Whether it's the spirit of Leviathan, a spirit of Jezebel, Abaddon, whether it's the spirit of Belial, we come against the strongmen, especially Jezebel, that which would operate in sorcery and witchcraft, that which would operate in hidden things, veiled things, that which would operate in deception.

White, citée dans Lemon 2019

En ayant recours aux mêmes stratégies accommodationnistes que la Droite chrétienne pour viser soit la neutralisation, soit la pluralisation de l’espace public, l’action du Temple Satanique dans la sphère publique pose la question du renforcement potentiel de la guerre culturelle mise en exergue par les fondamentalistes, à savoir celle d’une bataille cosmique entre partisans de Dieu et partisans de Satan pour l’âme des États-Unis. La stratégie et l’esthétique de transgression du Temple Satanique pourrait-elle renforcer ce discours ?

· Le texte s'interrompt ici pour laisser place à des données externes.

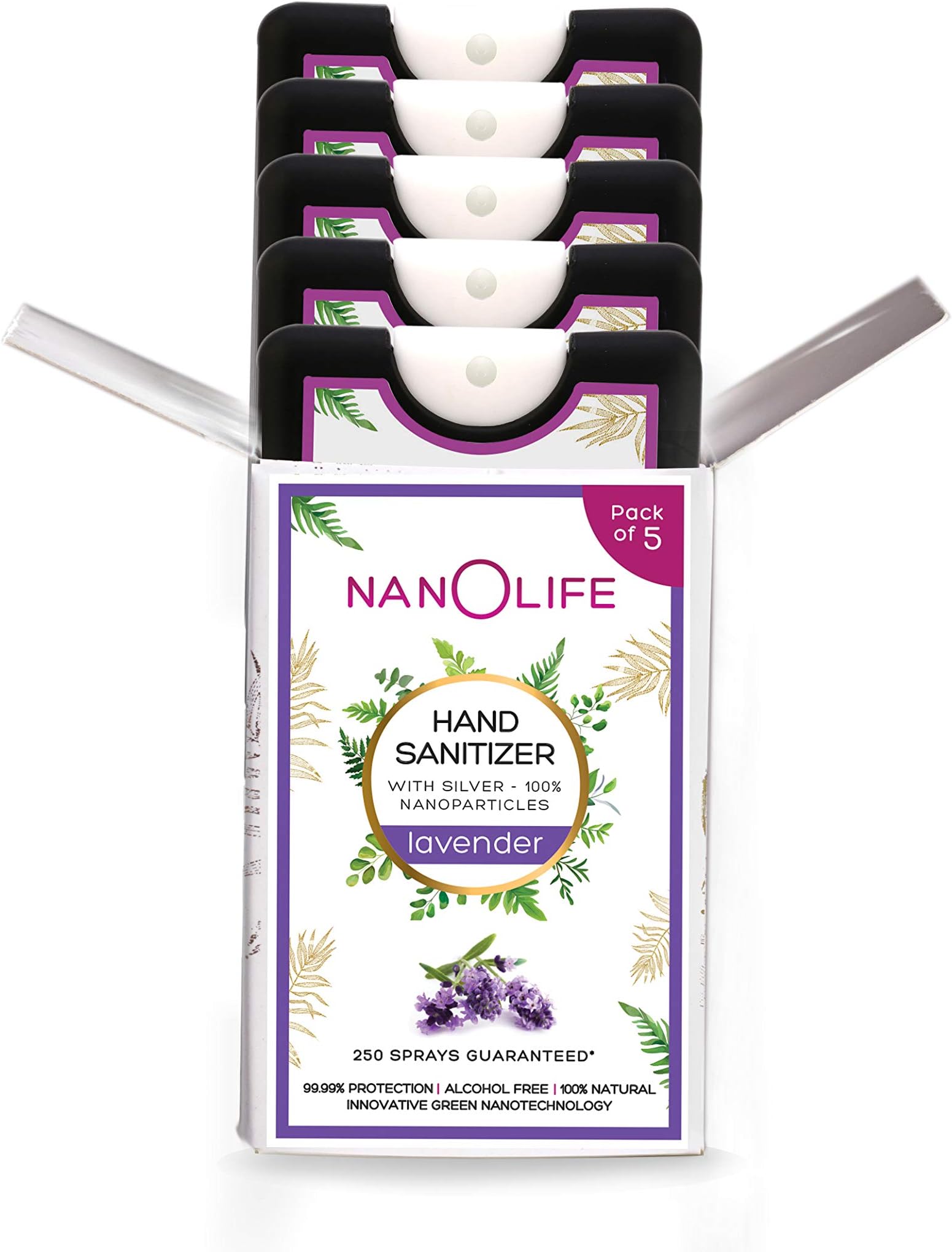NanOlife Pocket-Size Hand Sanitizer Spray - Lavender (Pack of 5 X18 ml)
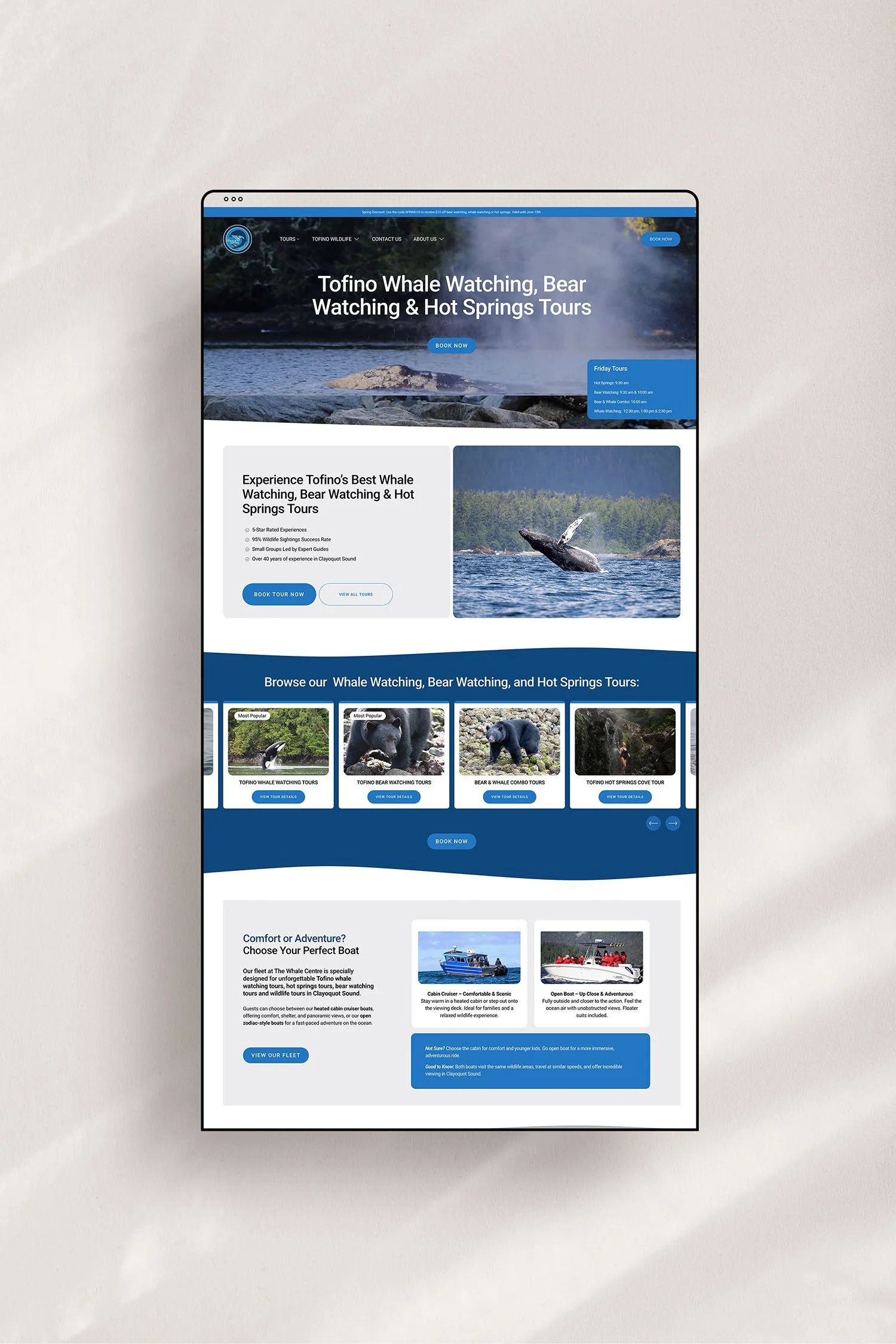 The Whale Centre home page after Squarespace Design Day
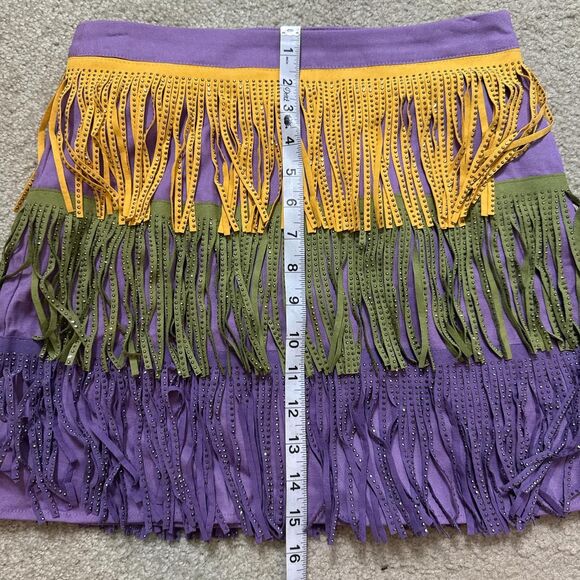 Bibi Mardi Gras fringe and sparkle skirt NWT - S - Picture 5 of 5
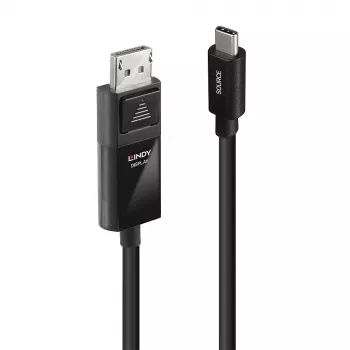 adapter kablowya Lindy 3m USB Type C do DP 8K60, 3 m, USB Type-C, DisplayPort, męski, męski, prosty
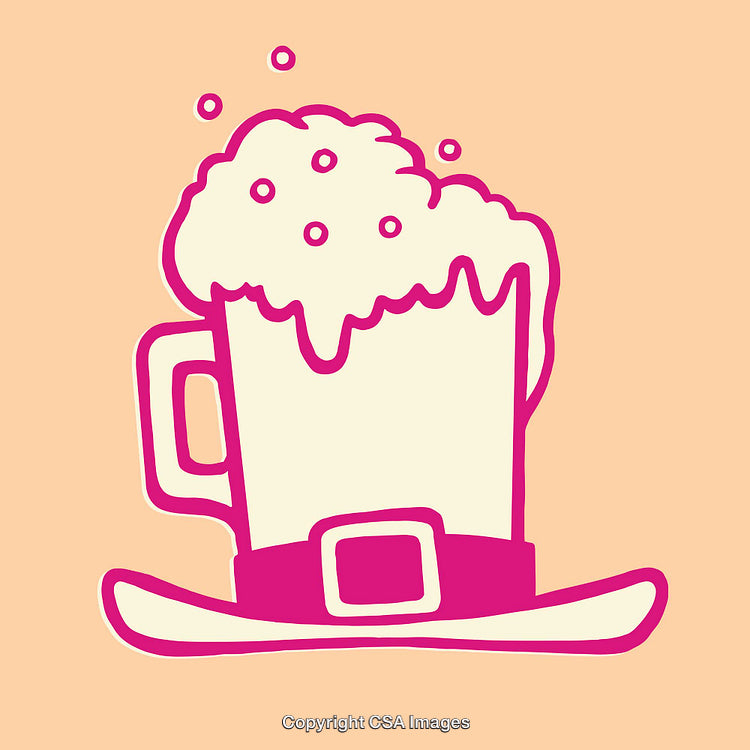 Colorful Line Art Illustration of Festive Beer Mug With Foam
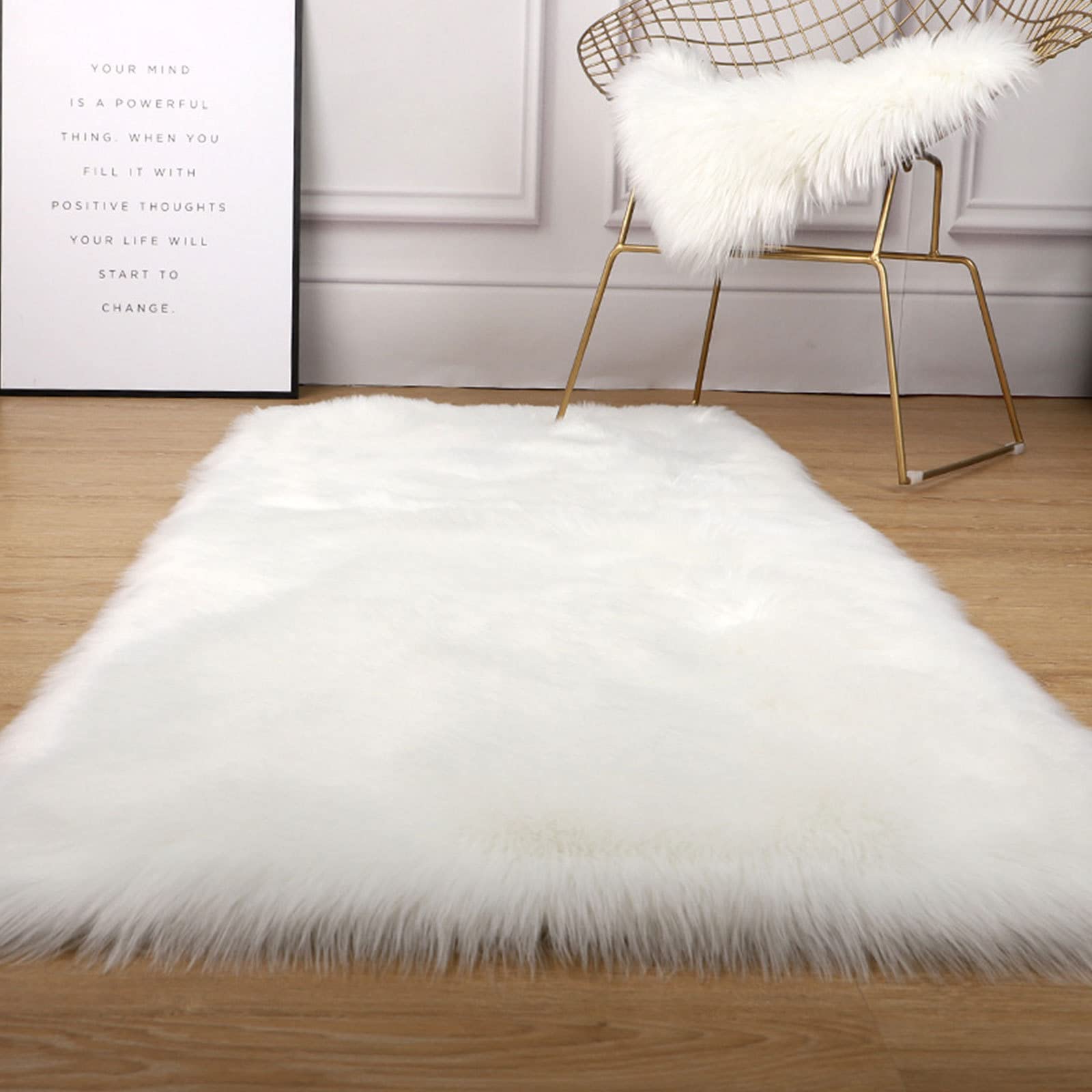 Teppich mit weichem Shaggy-Dekor aus Pelz Lammfell-Imitat-Teppich für Schlafzimmer, Wohnzimmer, Langhaar Kunstpelz Stuhl Sofabezug Sitzauflage,White-2.6x4.9ft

Une autre question qui se pose est celle du potentiel d’efficacité de l’organisation : bien que le cadre culturel américain et sa religion civile, ainsi que la prééminence du christianisme, ne puissent considérablement s’affaiblir à court terme, Satan demeure toutefois un puissant symbole de contestation et de provocation, mais l’aspect routinier du Temple Satanique et sa reconnaissance officielle par différentes institutions publiques pourraient progressivement réduire l’effet de surprise ainsi que son pouvoir. En perpétuant un équilibre précaire entre la volonté de faire reconnaître les satanistes comme des citoyens respectables et parfaitement intégrés et une esthétique opposée au cadre culturel dominant, le Temple Satanique cherche à préserver son pouvoir d’évocation. Il a compris que l’esthétique du satanisme, ainsi que celle de la figure de Satan, constituent un modèle de repoussoir suffisamment puissant pour susciter une réaction au sein de la société américaine en défiant le cadre culturel global avec l’esthétique qui lui est antithétique. Or, un tel phénomène n’est pas sans risques pour la stabilité et la stratégie du groupe, divisée entre acceptabilité et transgression. De futures recherches devraient observer comment l’organisation a pu s’inscrire dans le paysage américain et s’insérer dans le pluralisme religieux, en conservant sa dynamique et son pouvoir de provocation, qui est une composante non négligeable de son activisme politique, ainsi que de la manière dont les institutions publiques interagissent avec elle.